En octubre de 2014, once ayuntamientos de las Mancomunidades del Órbigo y de la Cepeda, junto a Astorga y Carrizo, llevaron ante la Fiscalía de León y el Seprona de la Guardia Civil lo que consideraban intolerable: vertidos directos y sin tratar en el CTR de San Román de la Vega, una instalación que debía tratar residuos y no limitarse a enterrarlos. Aquella denuncia no fue un gesto político ni una pataleta institucional. Fue una acusación grave basada en pruebas documentales, fotografías y vídeos, y en un temor fundado: la degradación ambiental de un territorio que ya estaba pagando un precio excesivo.
Once años después, la pregunta no es qué ocurrió con aquella denuncia. La pregunta es por qué nadie parece haber aprendido nada.
Hoy, en ese mismo enclave, se proyecta un macrovertedero de residuos industriales promovido por Valorización Verde, con capital público de la Junta de Castilla y León y privado de la mercantil Latem Aluminium entre otros, tramitado como Proyecto Regional y presentado como una infraestructura “estratégica”. Estratégica, sí, pero ¿para quién? Porque para buena parte de la provincia de León el mensaje es claro: donde hubo problemas ambientales, la respuesta no ha sido corregir el modelo, sino ampliarlo.
Un vertedero de dimensiones inéditas en España. El proyecto, aprobado por la Junta de Castilla y León como Proyecto Regional —figura que lo declara de utilidad pública e interés social— plantea construir un complejo de tratamiento y depósito de residuos con capacidad para varios millones de toneladas a lo largo de dos décadas. Se prevé que la instalación cuente con dos vasos diferenciados para residuos peligrosos y no peligrosos y que supere en volumen a los mayores vertederos industriales del país.
El nuevo vertedero no puede analizarse como un proyecto aislado. Es, en la práctica, la prolongación natural del CTR, la culminación de una política basada en concentrar residuos, riesgos e impactos siempre en los mismos municipios. Primero fueron residuos urbanos mal gestionados. Ahora serán residuos industriales, en volúmenes inéditos y durante décadas. El patrón se repite.

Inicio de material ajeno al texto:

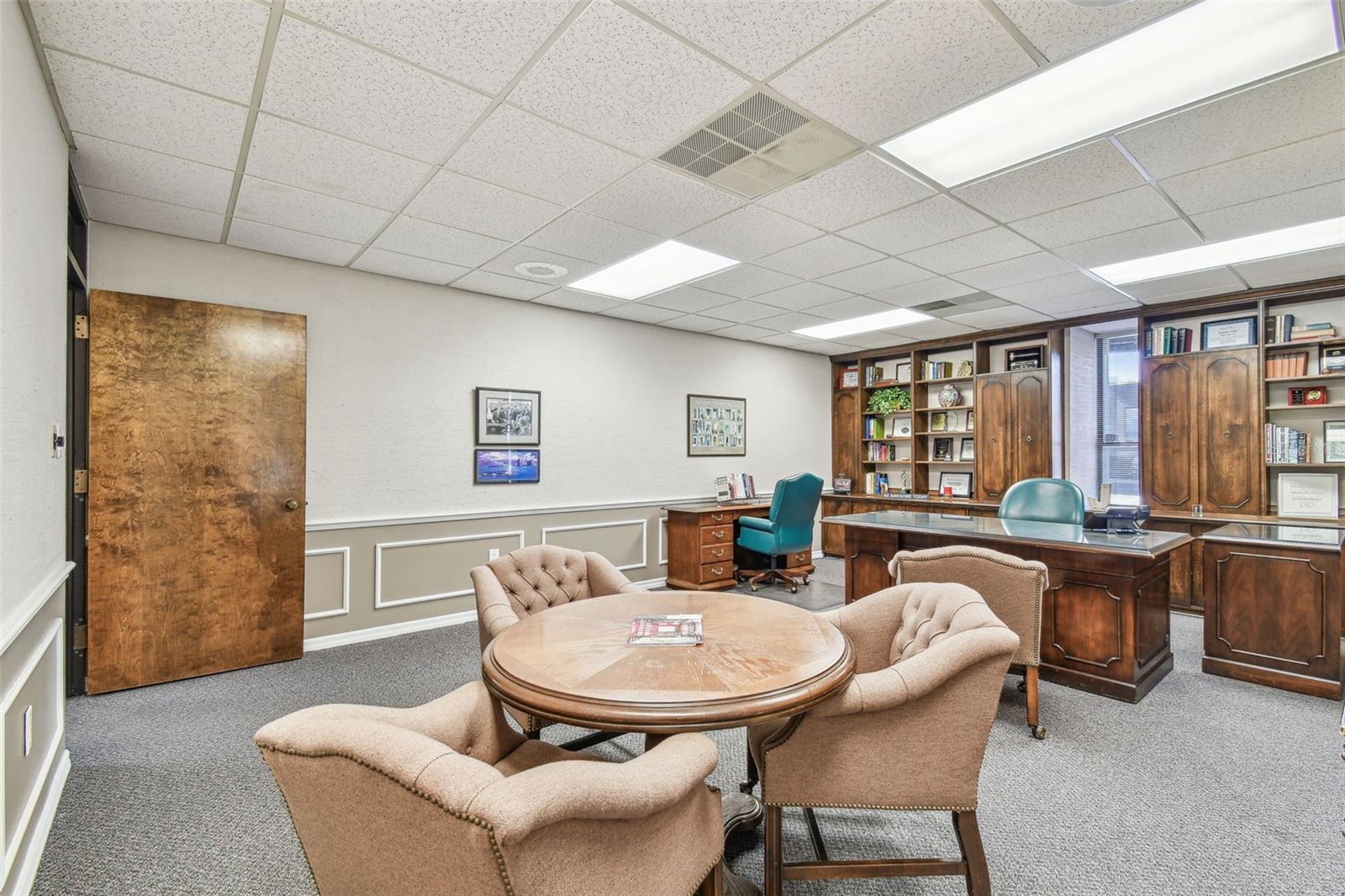 1046 W BUSCH BLVD #300, TAMPA, FL, 33612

Resulta casi insultante que se pida confianza a la ciudadanía cuando el historial del CTR incluye denuncias penales, conflictos institucionales y sanciones administrativas por mala gestión. ¿Qué credibilidad tiene un sistema que ha demostrado, una y otra vez, que el control prometido en los despachos no siempre se traduce en protección real sobre el terreno?
La cuestión de fondo es incómoda, pero inevitable: ¿se ha decidido que León sea el vertedero de referencia del noroeste peninsular? ¿Es ese el modelo de desarrollo que se ofrece a una provincia que lleva décadas perdiendo población, oportunidades e inversiones productivas?
Quienes defienden el proyecto hablan de empleo y de necesidad técnica. Pero callan sobre algo esencial: los vertederos no generan futuro, lo hipotecan. Condicionan el uso del suelo, deterioran la imagen del territorio y generan una dependencia estructural de actividades que ninguna comarca elige libremente como motor de desarrollo.
En 2014, varios ayuntamientos tuvieron el valor de decir “basta”. Hoy, ante un proyecto mucho mayor y mucho más irreversible, el silencio institucional sería una irresponsabilidad histórica. No se trata de oponerse por sistema, sino de negarse a aceptar que la única solución para los residuos sea enterrarlos, y siempre en el mismo sitio.
León no necesita más vertederos. Necesita un cambio real de modelo, basado en reducción, reciclaje y valorización efectiva, no en grandes infraestructuras que trasladan el problema al subsuelo y a las generaciones futuras.
Si algo demostró la denuncia del CTR es que cuando se baja la guardia, el territorio pierde. El macrovertedero industrial no es un nuevo debate: es el mismo de siempre, pero a una escala mucho más peligrosa. Y esta vez, mirar hacia otro lado no será una opción inocente.